A União Europeia pretende forjar uma aliança com os países do sudeste asiático na denúncia da agressão russa contra a Ucrânia e a posição mais assertiva da China na região, numa cimeira que lançará uma nova agenda com 10 mil milhões de euros em projectos de infra-estruturas no âmbito da iniciativa «Global Gateway».
O encontro reunirá pela primeira vez os líderes da UE-27 e nove países da Associação das Nações do Sudeste Asiático (ASEAN) numa reunião em Bruxelas que coincide com 45 anos de relações entre os dois blocos e segue o exemplo de outras cimeiras realizadas este ano com blocos como a União Africana ou os países dos Balcãs.
O Presidente do Governo, Pedro Sánchez, aproveitará esta ocasião para se encontrar bilateralmente com os líderes do Vietname e das Filipinas antes do início da cimeira.
Embora esta não seja a única preocupação europeia, o encontro procura forjar uma frente comum sobre a crise na Ucrânia com uma declaração conjunta que insiste no compromisso com o multilateralismo, a ordem mundial baseada em regras e o respeito pela integridade e soberania dos países.

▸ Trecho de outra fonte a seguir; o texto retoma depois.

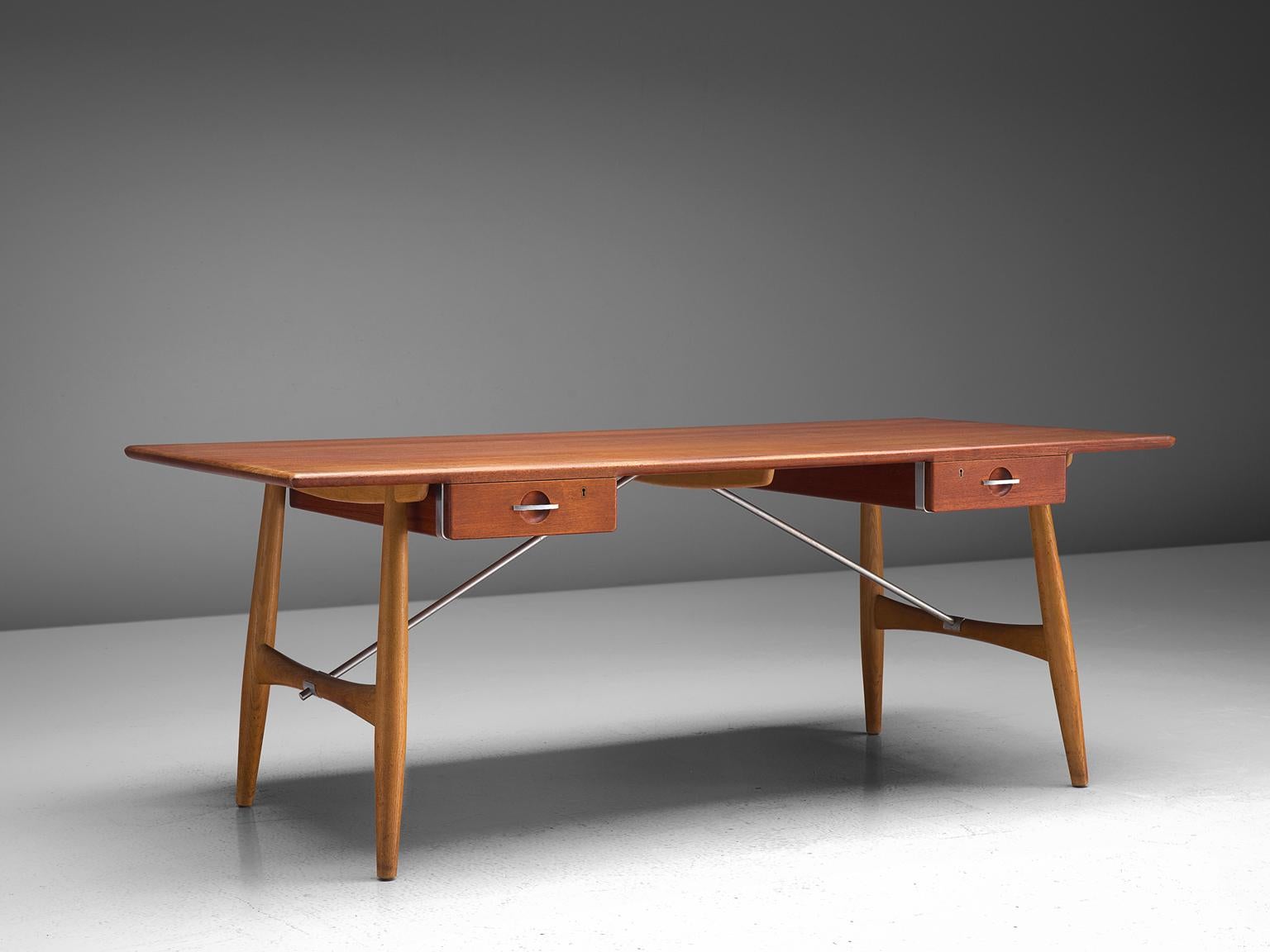 Hans J. Wegner for Johannes Hansen, desk JH571, teak, oak and metal, Denmark, 1953

Wegner designed the JH571 desk in 1953. It features a rectangular tabletop, beneath hanging two drawers with keywhole on each side. Two paired legs on the short side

Um alto funcionário da UE salienta que, numa época de grande incerteza geopolítica, ambos os blocos rejeitam esferas de influência e o uso da força na política externa. «Os parceiros da ASEAN partilham estas preocupações sobre as consequências negativas da invasão russa que tem um impacto global, também na região com o aumento dos preços da energia e dos alimentos», explica ele.
Contudo, existem importantes diferenças políticas com este grupo de países, incluindo o Vietname, Camboja, Tailândia, Laos, Indonésia, Malásia, Filipinas, Brunei e Singapura, e Bruxelas reconhece «trabalho árduo» ao acordar numa linguagem comum na declaração sobre a invasão da Ucrânia.
Outra questão-chave é a situação no Mar do Sul da China, uma área chave para o comércio internacional, e onde será também mencionada a posição mais assertiva de Pequim com a sua ameaça de usar a força contra Taiwan, sublinhando a importância de manter a paz e a prosperidade nesta área, apoiando o papel da ASEAN na região e salientando a importância de evitar riscos de segurança.
UE OFERECE INFRA-ESTRUTURA DE $10 BILHÕES A UE e a ASEAN discutirão a agenda comum centrada na conectividade, transição energética, comércio e transição digital, todas as questões em que o bloco europeu pretende juntar-se aos países do sudeste asiático na sua descolagem económica e no aumento da prosperidade.
A UE irá colocar 10 mil milhões de euros em cima da mesa no âmbito do Global Gateway, o plano de investimento em infra-estruturas chave para contrariar a influência da China. De acordo com a capital da UE, estes fundos provêm do orçamento da UE e podem ser utilizados para novos projectos, bem como para impulsionar iniciativas que já estão em curso.
Isto também tem como objectivo impulsionar o comércio entre os dois blocos. Afinal de contas, a ASEAN é o terceiro maior parceiro comercial da UE fora da Europa, depois dos Estados Unidos e da China. Estão actualmente em vigor acordos de comércio livre com Singapura e Vietname e estão a ser negociados com a Malásia, as Filipinas e a Tailândia.
Os líderes de ambos os blocos irão rever o plano de acção até 2027, que inclui questões como a recuperação pandémica, comércio sustentável, conectividade sustentável e regulada, promoção do trabalho decente, preparação para catástrofes e cooperação em matéria de segurança.